Pas facile pour l’éditeur de trouver chaque matin le sujet qui va titiller le lecteur et remplir son tiroir-caisse. Pour la presse traditionnelle, le drame est patent. Si pub et annonceurs ont depuis belle lurette pris la clé des champs, quelques opus en papier persistent et signent. Ils sont ce que la camera digitale est à ce bon vieil argentique, du vintage avant la lettre, un reliquat du bon vieux temps, un combat perdu d’avance.
Au bistrot du coin, tout en parcourant les news en diagonale, on cachait autrefois son verre de blanc derrière l’immensité des pages, on lorgnait son prochain accoudé au comptoir.
Les Feuilles d’avis avaient leurs raisons d’être. Foin des avis mortuaires et des tourments du monde, la paysanne y emballait ses salades, le peintre du dimanche y nettoyait ses pinceaux, l’ouvrier y cherchait un emploi, l’émigrée d’ Appenzell une place de fille de salle, quand elles ne servaient pas encore à la toilette intime.
A la Une de notre quotidien orange, l’été nous a comblés.
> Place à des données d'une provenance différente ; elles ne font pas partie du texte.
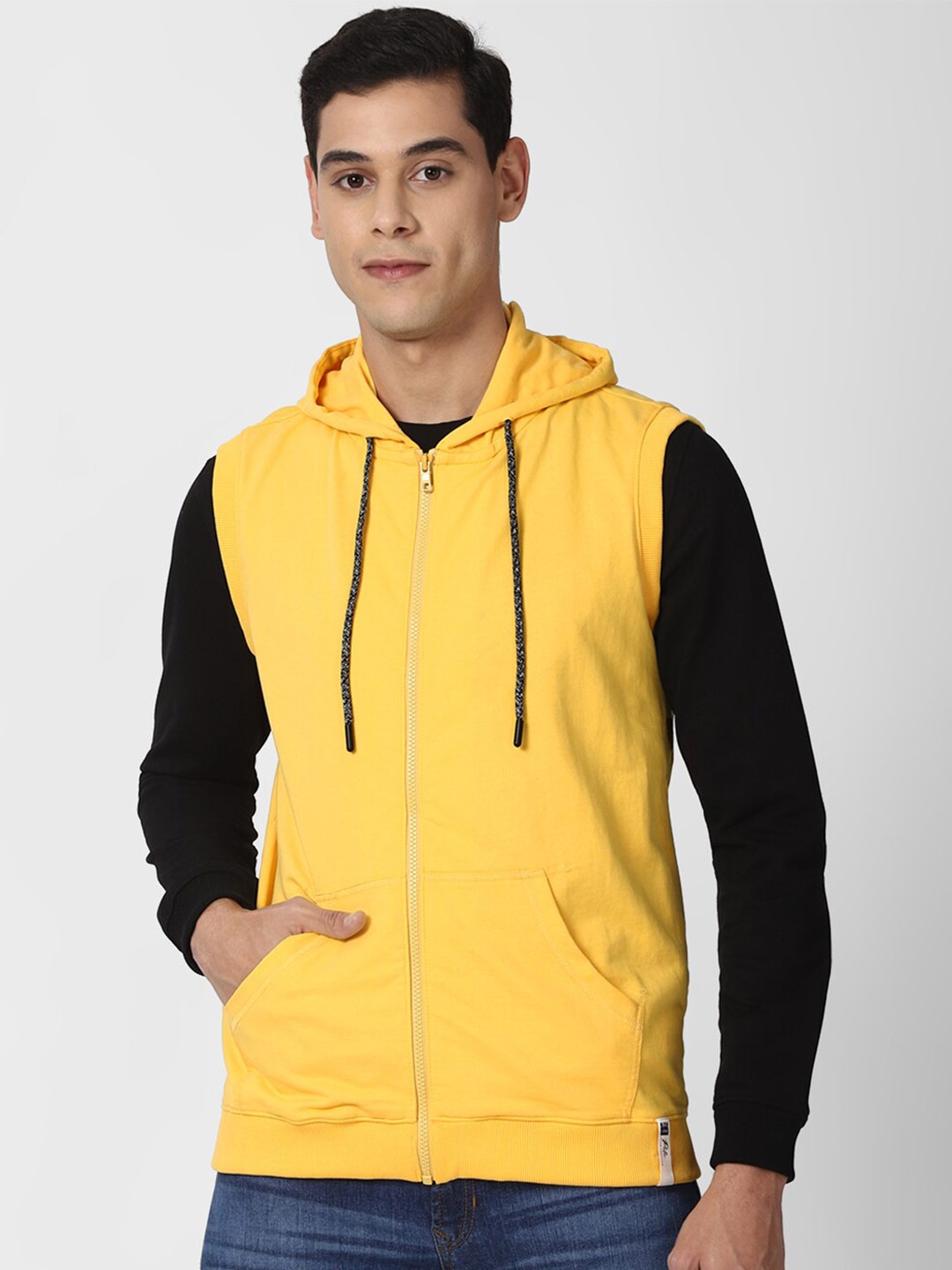 

Peter England Casuals Men Yellow Hooded Sweatshirt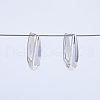 Elegant Brass Oval Hoop Earrings OO0758-3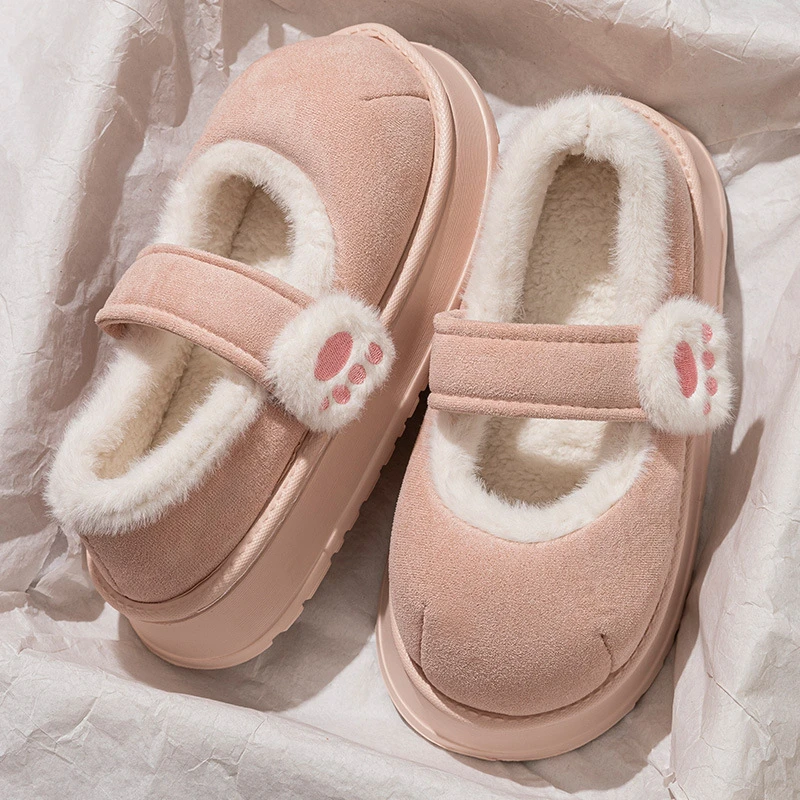 可爱厚底2025包根棉拖女居家棉拖鞋加绒保暖鞋月子鞋包头拖防滑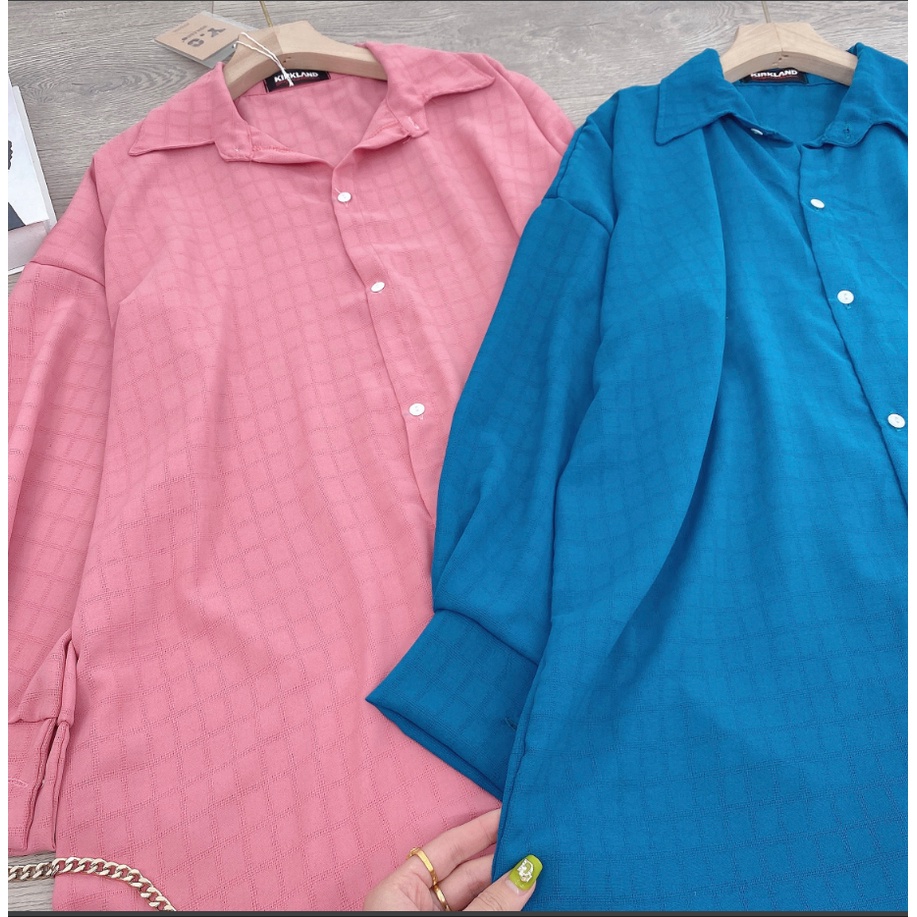 Váy Sơ Mi Nữ Cao Cấp from rộng dáng Suông kẻ đuôi tôm, Đầm nữ xinh dáng dài mặc đi chơi phong cách Hàn Quốc 2022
Bandaison virile, masturbation féminine, sexe pour tous, l’analyse quasi clinique et quotidienne de nos envoyés spéciaux en a instruit plus d’un. Autour du café-croissant, elle a rendu nos aubes plus joyeuses.
Et la liste n’en finit pas d’échauffer nos sens. La statistique (!) est effrayante pour qui se pique encore de morale. Les ados seraient accros du porno. La technologie aidant, et on les comprend, il est sûr qu’ils ne s’embarrasseront plus de préliminaires. Une presse l’a bien compris, qui pour se maintenir en vie donne chaque matin son lot de bons offices. Les sexologues de service ont le vent en poupe. Mais jusqu’à quand?